[XML-SIG] Re: [I18n-sig] Re: [Python-Dev] Unicode debate

Guido van Rossum guido@python.org
Mon, 01 May 2000 23:31:54 -0400


Tom Passin:
> I'm with Paul and Federick on this one - at least about characters being the
> atoms of a string.  We **have** to be able to refer to **characters** in a
> string, and without guessing.  Otherwise, how could you ever construct a
> test, like theString[3]==[a particular japanese ideograph]?  If we do it by
> having a "string" datatype, which is really a byte list, and a
> "unicodeString" datatype which is a list of abstract characters, I'd say
> everyone could get used to working with them.  We'd have to supply
> conversion functions, of course.

You seem unfamiliar with the details of the implementation we're
proposing?  We already have two datatypes, 8-bit string (call it byte
array) and Unicode string.  There are conversions between them:
explicit conversions such as u.encode("utf-8") or unicode(s,
"latin-1") and implicit conversions used in situations like u+s or
u==s.  The whole discussion is *only* about what the default
conversion in the latter cases should be -- the rest of the
implementation is rock solid and works well.

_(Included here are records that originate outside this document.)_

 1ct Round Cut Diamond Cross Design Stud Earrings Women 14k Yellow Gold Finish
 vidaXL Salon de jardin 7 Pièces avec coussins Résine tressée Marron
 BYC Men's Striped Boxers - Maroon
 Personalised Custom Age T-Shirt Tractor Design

Users can accomplish what you are proposing by simply ensuring that
theString is a Unicode string.

> This route might be the easiest to understand for users.  We'd have to be
> very clear about what file.read() would return, for example, and all those
> similar read and write functions.  And we'd have to work out how real 8-bit
> calls (like writing to a socket?) would play with the new types.

These are all well defined -- they all deal in 8-bit strings
internally, and all use the default conversions when given Unicode
strings.  Programs that only deal in 8-bit strings don't need to
change.  Programs that want to deal with Unicode and sockets, for
example, must know what encoding to use on the socket, and if it's not
the default encoding, must use explicit conversions.

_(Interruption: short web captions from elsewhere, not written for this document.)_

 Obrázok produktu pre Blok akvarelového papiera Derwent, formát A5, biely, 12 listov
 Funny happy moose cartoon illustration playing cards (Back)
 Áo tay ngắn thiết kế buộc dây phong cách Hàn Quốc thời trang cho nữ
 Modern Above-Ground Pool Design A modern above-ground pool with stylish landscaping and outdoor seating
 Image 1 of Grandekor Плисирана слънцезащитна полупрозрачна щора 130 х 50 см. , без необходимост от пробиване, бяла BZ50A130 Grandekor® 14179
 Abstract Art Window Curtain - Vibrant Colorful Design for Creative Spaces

> For extra clarity, we could leave string the way it is, introduce stringU
> (unicode string) **and** string8 (Latin-1 or byte list, whichever seems to
> be the best equivalent to the current string).  Then we would deprecate
> string in favor of string8.  Then if tcl and perl go to unicode strings we
> pass them a stringU, and if they go some other way, we pass them something
> else.  COme to think of it, we need some some data type that will continue
> to work with c and c++.  Would that be string8 or would we keep string for
> that purpose?

What would be the difference between string and string8?

> Clarity and ease of use for the user should be primary, fast implementations
> next.  If we didn't care about ease of use and clarity, we could all use
> Scheme or c, don't use sight of it.
> 
> I'd suggest we could create some use cases or scenarios for this area -
> needs input from those who know encodings and low level Python stuff better
> than I.  Then we could examine more systematically how well various
> approaches would work out.

Very good.

Here's one usage scenario.

A Japanese user is reading lines from a file encoded in ISO-2022-JP.
The readline() method returns 8-bit strings in that encoding (the file
object doesn't do any decoding).  She realizes that she wants to do
some character-level processing on the file so she decides to convert
the strings to Unicode.

I believe that whether the default encoding is UTF-8 or Latin-1
doesn't matter for here -- both are wrong, she needs to write explicit
unicode(line, "iso-2022-jp") code anyway.  I would argue that UTF-8 is
"better", because interpreting ISO-2022-JP data as UTF-8 will most
likely give an exception (when a \300 range byte isn't followed by a
\200 range byte) -- while interpreting it as Latin-1 will silently do
the wrong thing.  (An explicit error is always better than silent
failure.)

I'd love to discuss other scenarios.

--Guido van Rossum (home page: http://www.python.org/~guido/)